Я продолжал свою жизнь пастыря и работника ВВС, как будто ничего не случилось, заставлял себя. Это ведь единственный способ, нельзя было иначе. Но приезжал домой, и тут такая грусть, такая тоска на меня находила, непросто рассказать-то. И вот как-то мой взгляд упал на шкапчик, который у нас стоял. Этот шкапчик у нас специально был для гостей, когда кто-нибудь приходил, и там было несколько разных бутылок. Я подошел, взял что-то, не помню, что, выпил рюмочку – и мне стало легче.

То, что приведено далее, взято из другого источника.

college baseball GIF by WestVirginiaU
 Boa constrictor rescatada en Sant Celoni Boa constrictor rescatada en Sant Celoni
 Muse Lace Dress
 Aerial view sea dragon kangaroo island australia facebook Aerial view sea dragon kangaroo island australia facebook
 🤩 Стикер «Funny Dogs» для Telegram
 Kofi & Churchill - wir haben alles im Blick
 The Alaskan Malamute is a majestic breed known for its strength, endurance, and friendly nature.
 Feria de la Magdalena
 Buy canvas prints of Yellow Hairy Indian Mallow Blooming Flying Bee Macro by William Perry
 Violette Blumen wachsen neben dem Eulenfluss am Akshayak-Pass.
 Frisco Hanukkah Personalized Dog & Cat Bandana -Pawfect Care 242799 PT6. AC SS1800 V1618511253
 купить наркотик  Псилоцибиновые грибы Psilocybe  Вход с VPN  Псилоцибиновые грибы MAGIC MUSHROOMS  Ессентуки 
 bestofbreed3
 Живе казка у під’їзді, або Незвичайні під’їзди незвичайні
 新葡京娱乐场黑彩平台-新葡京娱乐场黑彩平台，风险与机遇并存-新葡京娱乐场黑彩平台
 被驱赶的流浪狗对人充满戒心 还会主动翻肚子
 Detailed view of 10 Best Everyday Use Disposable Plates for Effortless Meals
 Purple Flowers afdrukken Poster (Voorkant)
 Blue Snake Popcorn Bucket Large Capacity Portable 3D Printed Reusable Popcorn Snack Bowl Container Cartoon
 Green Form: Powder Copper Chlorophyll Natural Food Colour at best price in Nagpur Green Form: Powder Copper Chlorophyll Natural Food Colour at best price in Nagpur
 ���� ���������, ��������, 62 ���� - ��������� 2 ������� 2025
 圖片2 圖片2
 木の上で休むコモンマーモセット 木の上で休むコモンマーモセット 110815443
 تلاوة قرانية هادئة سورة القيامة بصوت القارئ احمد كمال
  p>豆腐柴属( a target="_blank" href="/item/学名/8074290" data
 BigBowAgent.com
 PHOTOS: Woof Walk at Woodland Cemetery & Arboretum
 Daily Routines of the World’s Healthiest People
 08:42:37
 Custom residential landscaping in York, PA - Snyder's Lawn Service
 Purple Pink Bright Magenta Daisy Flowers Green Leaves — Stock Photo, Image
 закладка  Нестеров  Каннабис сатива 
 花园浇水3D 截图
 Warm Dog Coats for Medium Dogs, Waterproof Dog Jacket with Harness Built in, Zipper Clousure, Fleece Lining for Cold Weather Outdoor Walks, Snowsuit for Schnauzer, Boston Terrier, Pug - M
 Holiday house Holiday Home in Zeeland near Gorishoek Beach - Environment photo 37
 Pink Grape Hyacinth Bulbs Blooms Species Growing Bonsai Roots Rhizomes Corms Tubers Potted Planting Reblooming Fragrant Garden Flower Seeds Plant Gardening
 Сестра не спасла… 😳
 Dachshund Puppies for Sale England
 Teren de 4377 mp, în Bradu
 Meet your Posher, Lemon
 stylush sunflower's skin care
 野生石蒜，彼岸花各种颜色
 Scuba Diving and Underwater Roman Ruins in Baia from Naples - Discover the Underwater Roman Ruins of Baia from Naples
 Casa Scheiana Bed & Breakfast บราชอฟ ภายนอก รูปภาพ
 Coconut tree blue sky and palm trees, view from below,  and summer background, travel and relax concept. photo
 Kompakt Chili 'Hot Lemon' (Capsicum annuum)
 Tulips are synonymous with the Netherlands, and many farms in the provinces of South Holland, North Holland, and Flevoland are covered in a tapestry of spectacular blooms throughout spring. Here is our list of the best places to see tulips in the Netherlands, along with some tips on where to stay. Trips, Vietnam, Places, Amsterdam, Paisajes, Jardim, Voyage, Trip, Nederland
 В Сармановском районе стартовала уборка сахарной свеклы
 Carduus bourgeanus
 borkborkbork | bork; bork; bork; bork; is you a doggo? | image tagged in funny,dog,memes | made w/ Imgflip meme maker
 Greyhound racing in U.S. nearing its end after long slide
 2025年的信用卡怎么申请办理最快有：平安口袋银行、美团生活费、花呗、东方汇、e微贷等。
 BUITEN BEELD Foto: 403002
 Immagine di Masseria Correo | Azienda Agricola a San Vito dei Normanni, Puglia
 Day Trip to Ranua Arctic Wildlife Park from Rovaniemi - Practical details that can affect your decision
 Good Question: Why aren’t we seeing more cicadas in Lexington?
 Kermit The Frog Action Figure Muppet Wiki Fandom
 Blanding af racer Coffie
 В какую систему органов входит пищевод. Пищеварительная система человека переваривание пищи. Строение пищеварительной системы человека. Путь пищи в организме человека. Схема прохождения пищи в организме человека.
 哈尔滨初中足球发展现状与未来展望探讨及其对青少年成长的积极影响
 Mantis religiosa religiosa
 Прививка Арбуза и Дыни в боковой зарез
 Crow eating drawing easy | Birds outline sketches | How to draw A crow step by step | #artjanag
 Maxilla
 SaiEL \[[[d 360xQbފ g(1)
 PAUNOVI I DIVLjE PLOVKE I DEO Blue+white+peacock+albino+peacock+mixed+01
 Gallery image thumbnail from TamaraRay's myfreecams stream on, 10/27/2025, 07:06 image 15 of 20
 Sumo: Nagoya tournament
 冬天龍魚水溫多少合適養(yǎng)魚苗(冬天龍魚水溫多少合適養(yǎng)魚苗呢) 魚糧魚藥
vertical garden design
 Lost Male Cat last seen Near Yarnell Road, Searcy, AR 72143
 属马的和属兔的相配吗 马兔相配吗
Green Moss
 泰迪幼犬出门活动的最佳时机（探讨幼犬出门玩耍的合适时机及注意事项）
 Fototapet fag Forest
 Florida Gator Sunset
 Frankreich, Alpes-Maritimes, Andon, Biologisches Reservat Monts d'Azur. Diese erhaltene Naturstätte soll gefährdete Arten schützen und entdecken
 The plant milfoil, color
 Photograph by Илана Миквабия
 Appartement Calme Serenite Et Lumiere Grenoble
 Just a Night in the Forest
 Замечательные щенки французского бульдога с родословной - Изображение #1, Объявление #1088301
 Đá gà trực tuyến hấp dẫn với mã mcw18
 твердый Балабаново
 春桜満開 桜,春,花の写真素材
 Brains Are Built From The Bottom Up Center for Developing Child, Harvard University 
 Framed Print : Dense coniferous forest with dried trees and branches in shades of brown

И я подумал: “Ну вот хоть это, если ничего другое…” И так вот одна рюмочка, другая, третья – и пошло по вечерам. И начал я в это втягиваться, чтобы успокоиться, чтобы не мучиться, чтобы не думать слишком много. Прошло несколько неделю. Вдруг телефонный звонок. Звонит Милица, сербка, помощница моей покойной жены, как заместительница регента хора, а теперь просто регент хора после её кончины, и говорит мне: “Я не решалась Вам позвонить, но оба наших батюшки сказали, что я обязана Вам позвонить, вот я Вам и звоню”. А я говорю: “Что такое, Милица, в чем дело?” – “А вот Ваша супруга была у меня”. Я говорю: “Что?” – “Да”, – говорит, – “Явилась мне. И знаете, как? Идет с корзинкой, и в корзинке что-то лежит, и там какие-то салфетки. И вынимает из-под салфетки бутылку и говорит: “Смотри, какая у меня хорошая ракия (а ракия – это сербская такая настойка сливная, очень крепкая), попробуй”. А я думаю, как это так, чтобы матушка пришла ко мне, принесла мне ракию, да ещё говорит, что крепкая, и чтоб я попробовала. Но мне стало стыдно, и я взяла и попробовала. И она такая была горькая, ну просто что-то ужасное совсем.
И мне стало стыдно даже сказать, что это горькое, и я говорю: “Да, крепкая, крепкая, очень крепкая”. Она так переложила всё это и говорит: “Вот видишь, теперь мне приходится заботиться об этом. Поняла?” Я думаю, что такое? И она пошла. Дошла до входа. Выйдя, вдруг оборачивается, прежде чем совсем ушла, и говорит мне: “Позвони моему мужу”, – и исчезла.
Не знаю, было ли это во сне, в полусне или как, я не знаю, но вот так”. Конечно, когда я это услыхал – как рукой сняло у меня это. Вот и говорите после этого, что нет загробной жизни и нет взаимопомощи оттуда.